Régler les rapports entre ce qui est donné dans l’existence humaine et ce qui paraît le dépasser, voilà une deuxième généralité qui rend bien compte de la pratique et de l’immersion dans le réseau, car ne l’oublions pas, « la machine se suffit à elle-même, à défaut elle se suffit du branchement avec d’autres machines » (Gauthier, 2002).

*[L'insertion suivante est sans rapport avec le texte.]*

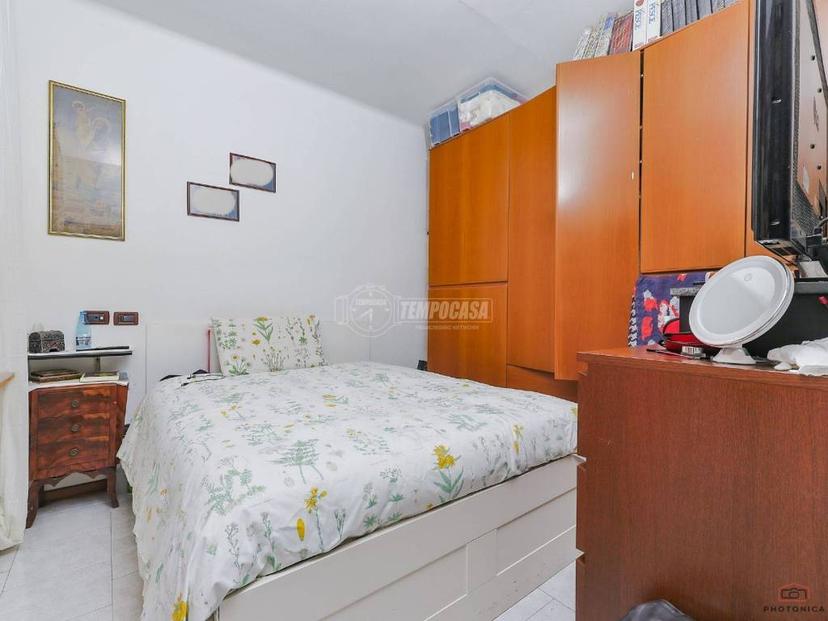 Trilocale via Emilia Ponente 340, Borgo Panigale, Bologna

Mais comme Cazeneuve l’a également bien repéré à propos du rite et du « numineux » : « [l’homme] Son action, son existence même lui semblent comporter une marge d’indétermination, par là même d’insécurité. [...] Quand (il) a le sentiment du numineux, de ce qui lui échappe, il est tenté à la fois de s’en écarter et de s’en servir, ou bien, tout à la fois, de se préserver de ses dangers et de se mettre sous sa protection ». N’est-ce pas là une version bien dramatique de ce qui se veut avant tout ludique, festif et gratuit ? Eh d’abord tu l’as fait, toi, la flash mob avant d’en parler ?
Développant les réflexions entamées sur ce forum, dans le billet qui précède, Bernard Guelton vient de publier une intéressante analyse des Cérémonies éclairs sur le site d’ Agglo.
Le même article, cette fois illustré, et avec une navigation plus aisée, vient d’être publié dans la très bonne revue en ligne canadienne archée.
L’analyse de Bernard Guelton, fort argumentée, met en avant la fonction d’auto-représentation du réseau dans la cérémonie des foules éclair. Un point de vue pertinent, avec lequel il faudra compter pour qui veut pousser plus avant une réflexion sur le phénomène des flash mobs.
Merci à Bernard Guelton pour ses nombreuses références à Transactiv.exe. On peut seulement regretter l’absence de références à des ressources quasi exhaustives telles que mediatic qui pointe au jour le jour toutes les nouvelles concernant les flash mobs en France (et parfois à l’étranger), ou encore CraoWiki et les nombreuses pages qui recensent sur ce site les témoignages et compte-rendus des différents flash mobs parisiens.